冒頭の甘美このうえない曲は、「El Pueblo Unido Jamas Sera Vencido」。この曲はチリの圧政に対して抵抗したレジスタンスのリーダー「Sergio Ortega」によって1973年に書かれた歌。「The United People Will Never Be Defeated/団結した民衆は決して負けない」という英訳タイトルであることが記されている。もともとアメリカの黒人にルーツを持ち、抑圧と差別の歴史の中で市民権を得ていったJAZZを、ミラバッシは、あらためて近代世界史のなかで抑圧や暴力に対する抵抗・解放の普遍的なメッセージとして位置づけているように思えるのだ。その意図は、ダコタ・アパートの前で逝った「ジョン・レノン」の「Imagine」を取り上げていることでも読み取れる。
そしてラストの曲は「ポーリュシュカ・ポーレ」。ノンポリ学生であった私であるが、当時の学生運動に参加した友人やデモに参加した思い出が、かすかな傷みとともに甦る。

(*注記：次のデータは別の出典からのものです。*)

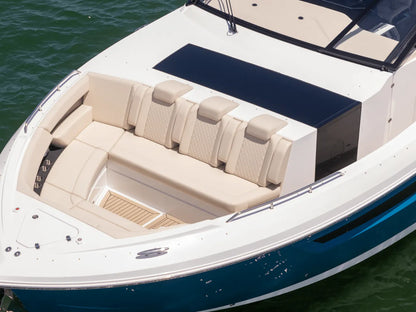 2025 Cruisers Yachts 50 GLS Outboard 50.0 feet, Clearwater, Florida #23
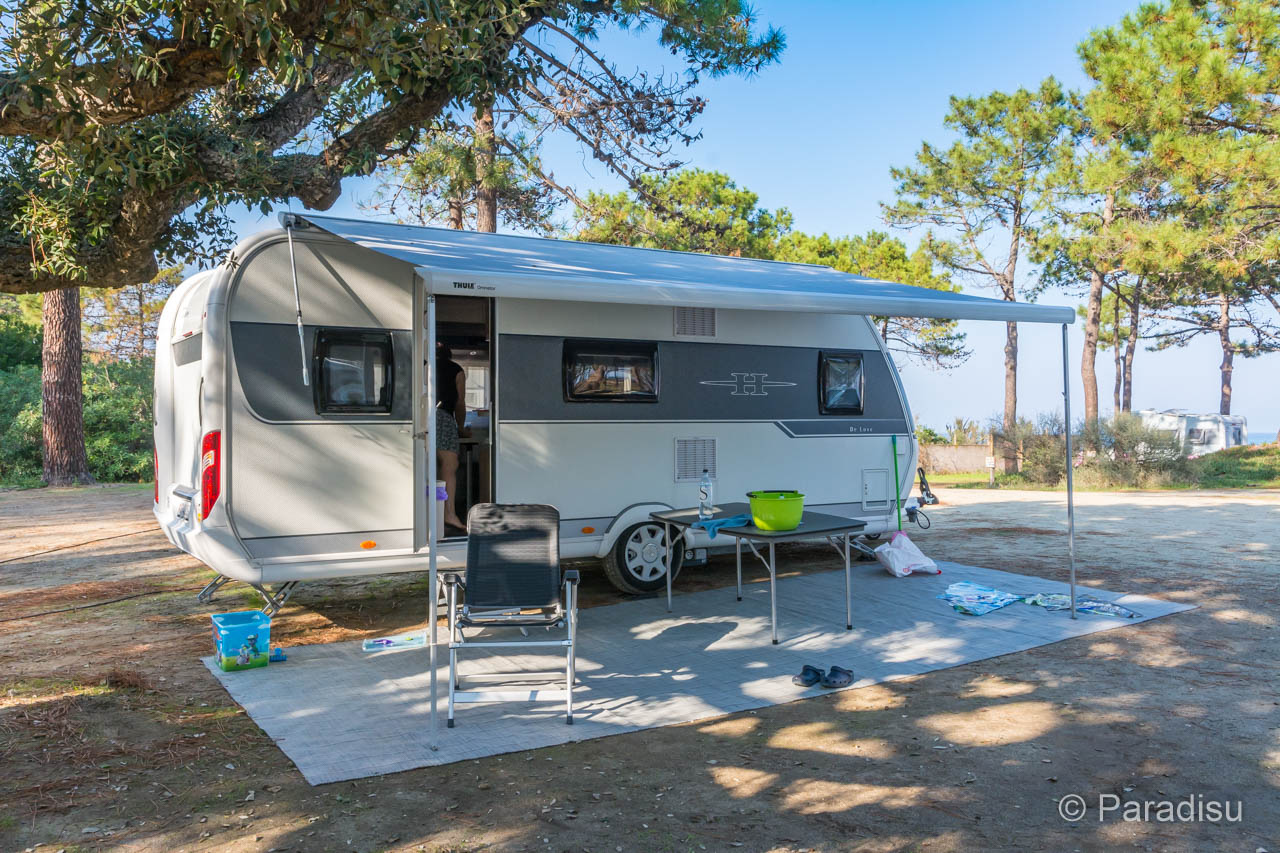 Korsika mit Wohnwagen / La Corse en caravane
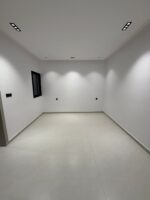 ⁦شقة فاخرة 5 غرف بسعر 550 الف - شرق الرياض⁩ - الصورة ⁦13⁩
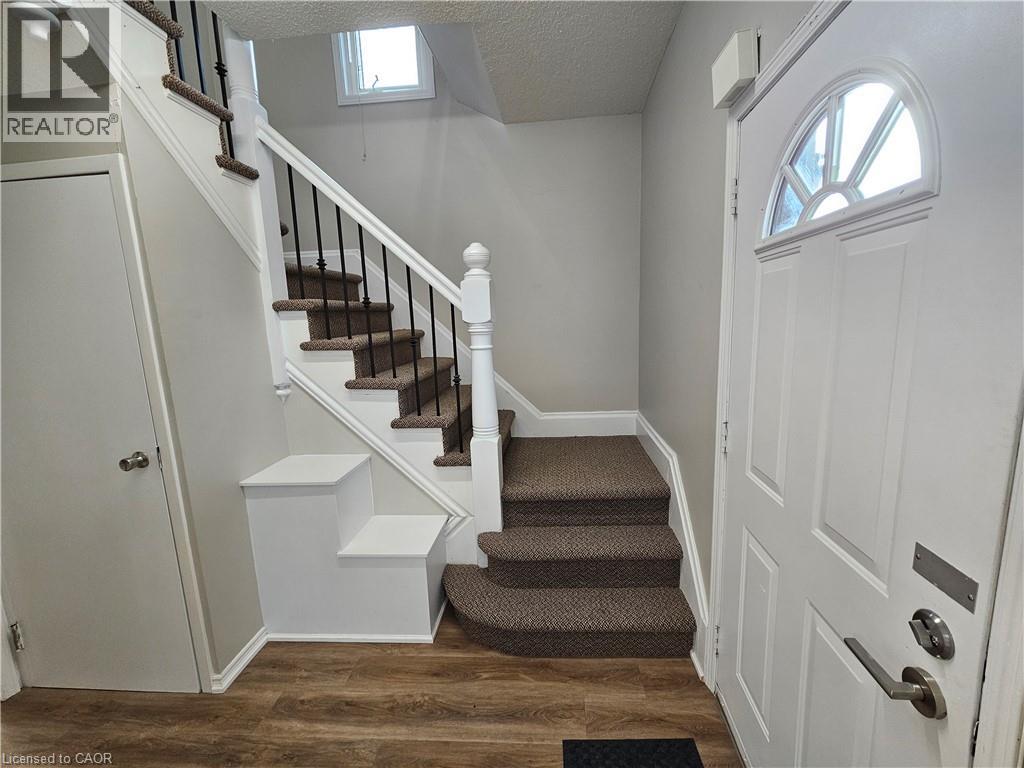 100 Lancaster Street E Property Photo 18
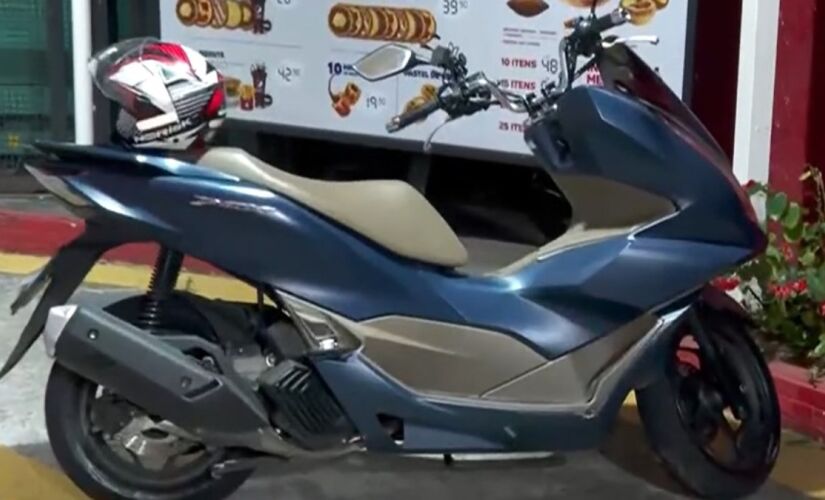 Moto permaneceu no local até a chegada da perícia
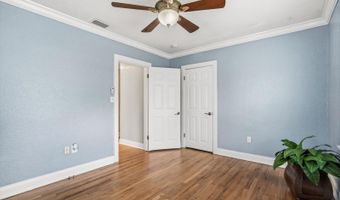 918 W SMITH St, Orlando, FL 32804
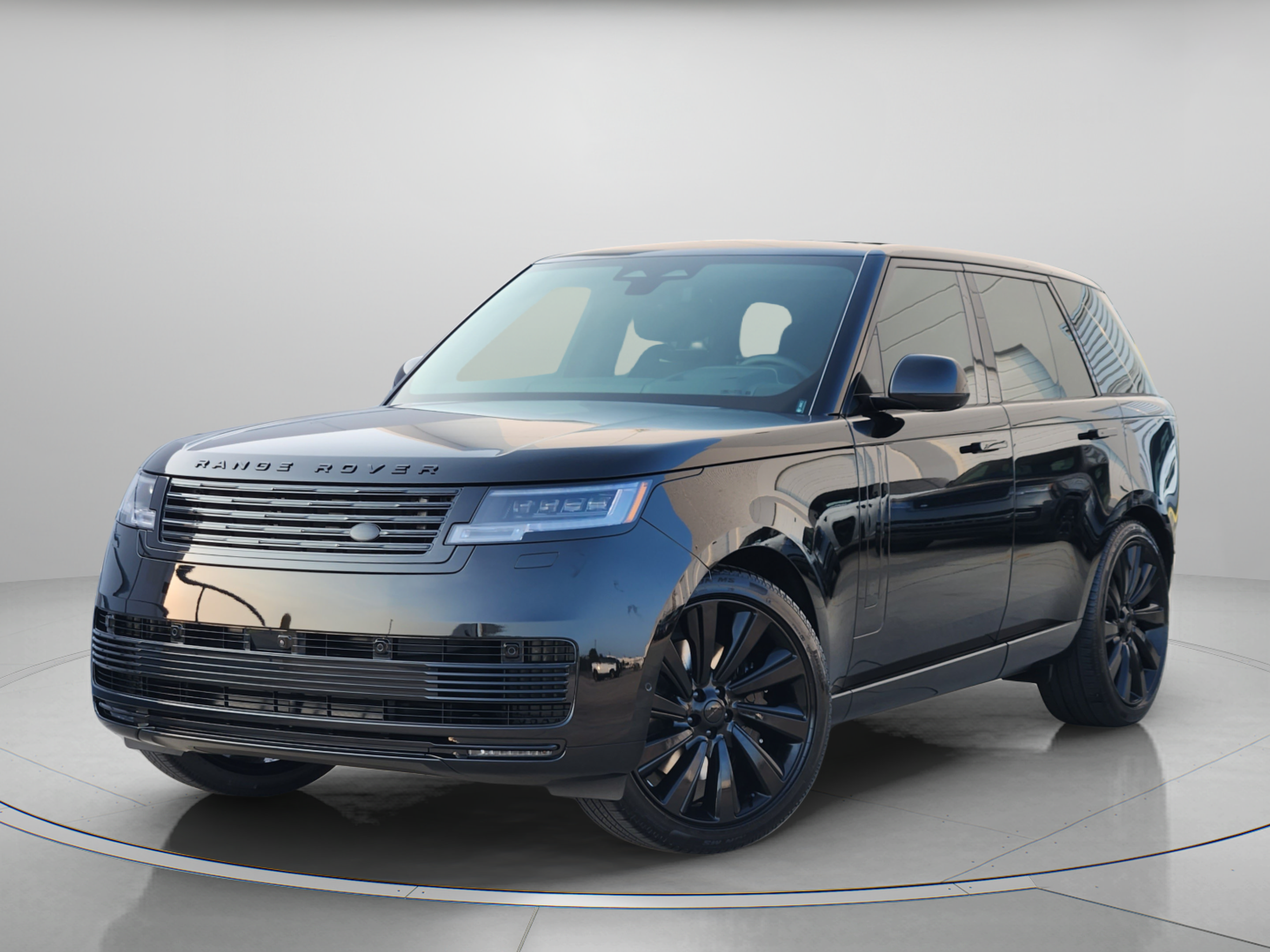 New 2026 Land Rover Range Rover SV AWD/4WD image 1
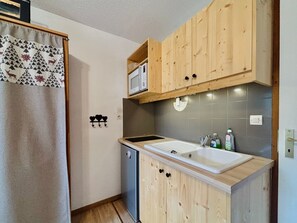 Een koelkast, een microgolfoven, een diepvriezer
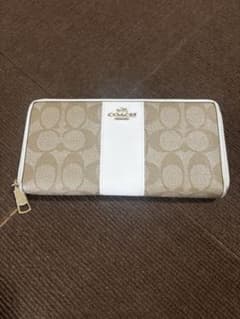 Coach 長財布 ベージュ ホワイトのサムネイル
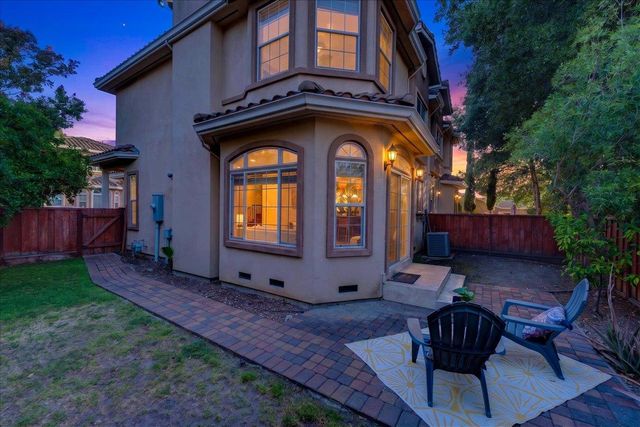 725 W Hacienda Avenue, Campbell, CA 95008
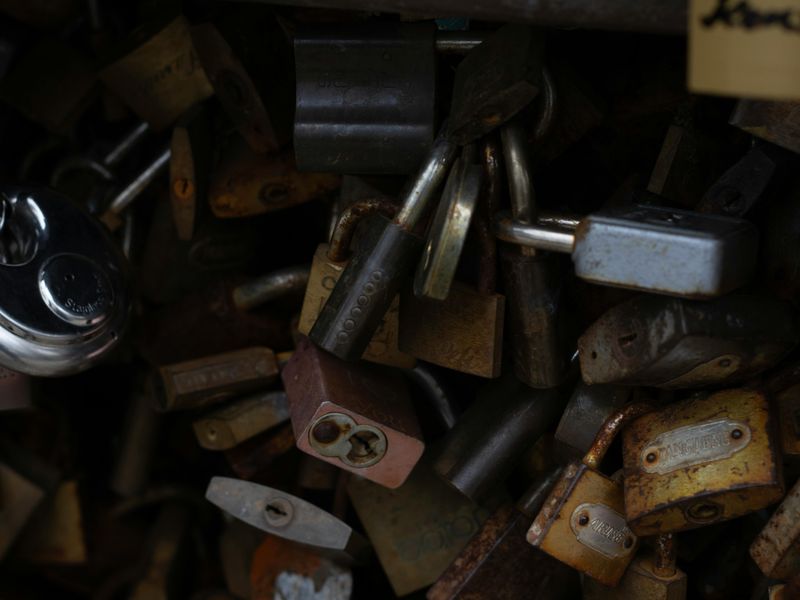 Door & gate locks, George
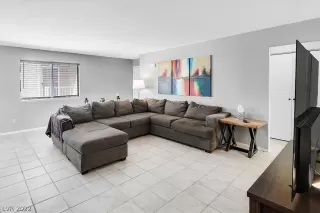 Photo #3: 2404612 Listing 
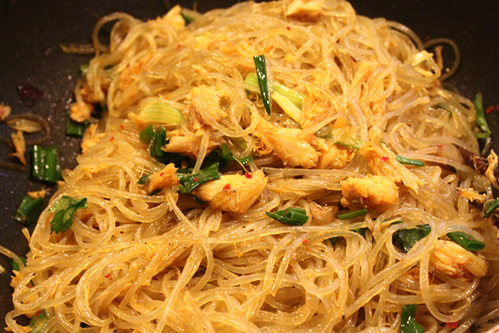 Xào miến và cua. Xào miến và cua.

ベースの「Daniele Mencarelli」、ドラムの「Louis Moutin」をくわえてのピアノ・トリオのライブ・アルバム。いずれもオリジナルな曲であるが、ラストの曲は、やはりあの甘美極まりない「El Pueblo Unido Jamas Sera Vencido」。トリオになってもその情感豊かなピアノは変わらないミラバッシの屈指のピアノ・トリオ・ライブ。